Chissà cosa avrà pensato Luigi Lombardo, Presidente di Confartigianato L’Aquila, dopo aver saputo che la Confartigianato nazionale invierà due “osservatori confederali” nelle persone del presidente della Confartigianato di Lecce, Corrado Brigante e di Giampietro Omati. Sotto la lente dei controlli c’è la gestione dell’ente di categoria guidato da Lombardo dal 2003. Entro 30 giorni i due osservatori dovranno riferire alla categoria nazionale cosa non va nella gestione della Confartigianato targata Lombardo. Eppure, soltanto un mese fa era stato rieletto per il terzo mandato per “acclamazione”. A richiedere un controllo era stato il direttivo regionale di Confartigianato. Oggi, da Roma, è ufficiale che la gestione sarà messa sotto osservazione già a partire dalla settimana prossima.

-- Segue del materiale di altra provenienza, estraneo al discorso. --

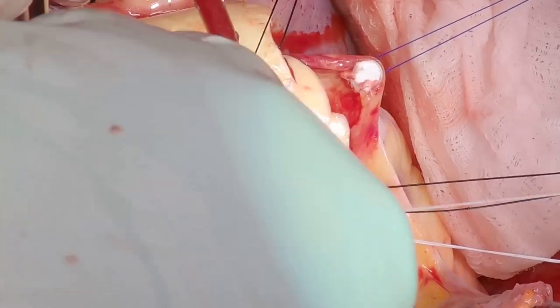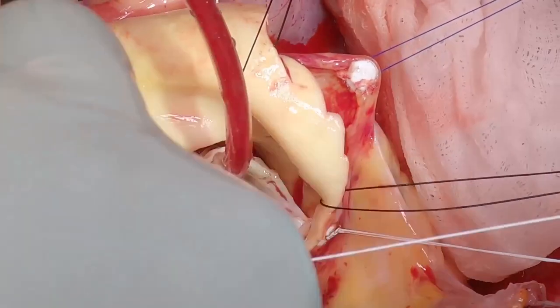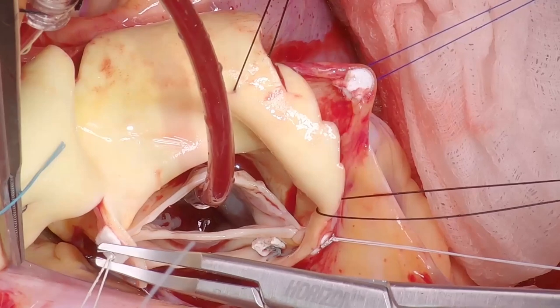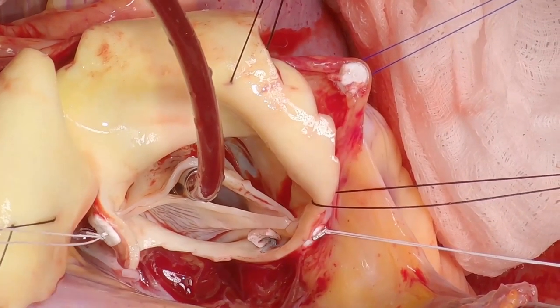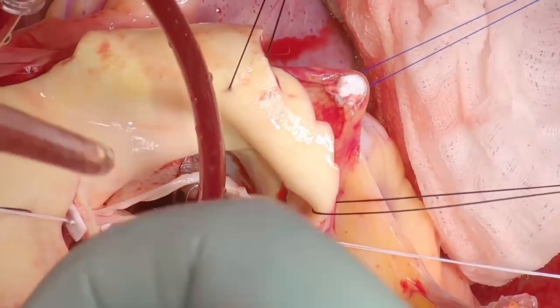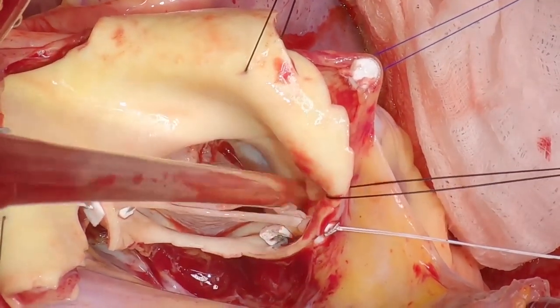In this case, we're going to need to do that — there's too much prolapse on the conjoint leaflet between the left and right cusps. Again, just a clip on that to stop it from becoming unraveled. Now we'll have a good look and see how symmetrical the leaflets are.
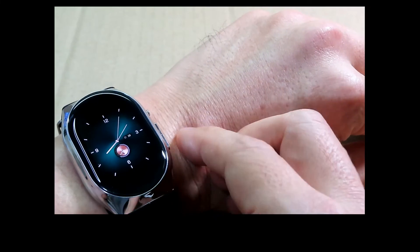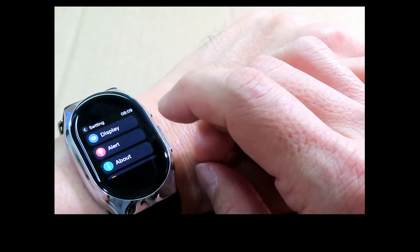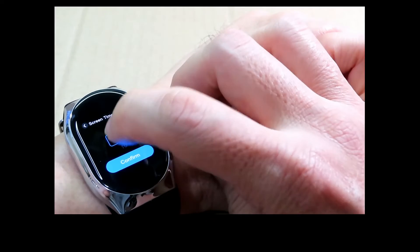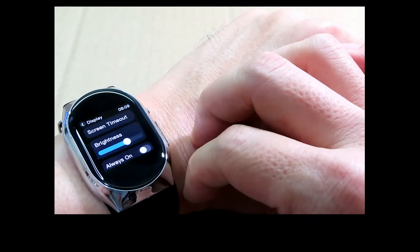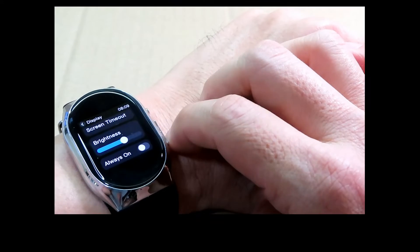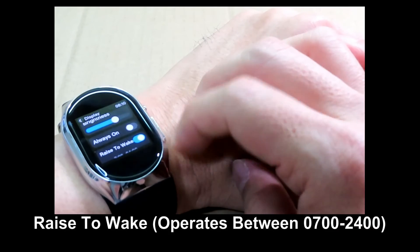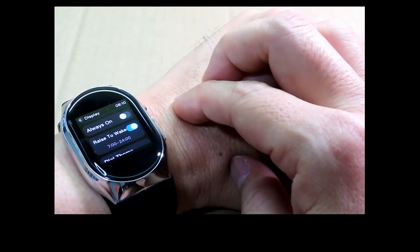You can press the power button to power it on and swipe to navigate. Let's go to settings, then display, and screen timeout. Five seconds is a little too short, so I'm going to change it to 15 seconds and confirm. You can change the brightness by playing with the slider, and you can turn it always on if needed. We'll tap on raise to wake, where each time you raise your hand between seven to midnight, it will turn on and display the time.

Ad accelerare l’intenzione, già da tempo covata, d’inviare all’Aquila due osservatori sarebbe stata una lettera di denuncia che un artigiano aquilano, B.M., ha avuto il coraggio d’inviare ai vertici nazionali, che non hanno potuto fare altro che prendere provvedimenti in attesa che si chiarisca la gestione di questi ultimi anni. La denuncia si sofferma, in particolare, sulle ingenti somme donate agli artigiani dei territori del cratere, quasi mezzo milione di euro (226.988 euro solo nel 2009), utilizzate con modalità discutibili secondo l’artigiano e per scopi non idonei. Il piccolo imprendiotre associato a Confartigianato denuncia, inoltre, di aver acquistato «una porzione di capannone e una casa di legno». Quest’ultima sarebbe costata il doppio di quanto pattuito inizialmente; inolte «non è a norma di legge e non possiede alcun requisito di abitabilità».
L’arrivo dei due delegati confederali viene confermato anche dal presidente regionale di Confartigianato, Angelo Taffo e dal segretario regionale, Daniele Giangiulli, che però non commentano. «Non sappiamo come stanno le cose», dicono, sottolineando che l’arrivo degli osservatori è imminente (forse lunedì prossimo). «Ma potrebbe risolversi tutto in una bolla di sapone», anticipano.
Insomma non è un bel momento per l’associazione di categoria: ad essere sotto la lente di ingrandimento non è stata solo la Confartigianto dell’Aquila, ma anche quella di Teramo. 
Lombardo negli ultimi tempi era balzato agli onori delle cronache per essere stato vittima, secondo quanto da lui stesso dichiarato, di lettere minacciose. «Ci sono persone», aveva raccontato, «alle quali non è andata bene la mia elezione e sono arrivati a minacciarmi».
Lombardo ha anche avallato la candidatura alle primarie del centrosinistra dell’avvocato Vincenzo Calderoni, presentato come espressione di tutte le associazioni di categoria dell’Aquila. Ma Cna, Confesercenti e Confcommercio avevano smentito la loro adesione a questo progetto politico. La mossa è costata al presidente della Confartigianato provinciale il richiamo del direttivo regionale, che ha più volte invitato Lombardo a  «mantenere un atteggiamento consono alla sua carica di presidente di un’associazione da sempre apolitica e apartitica».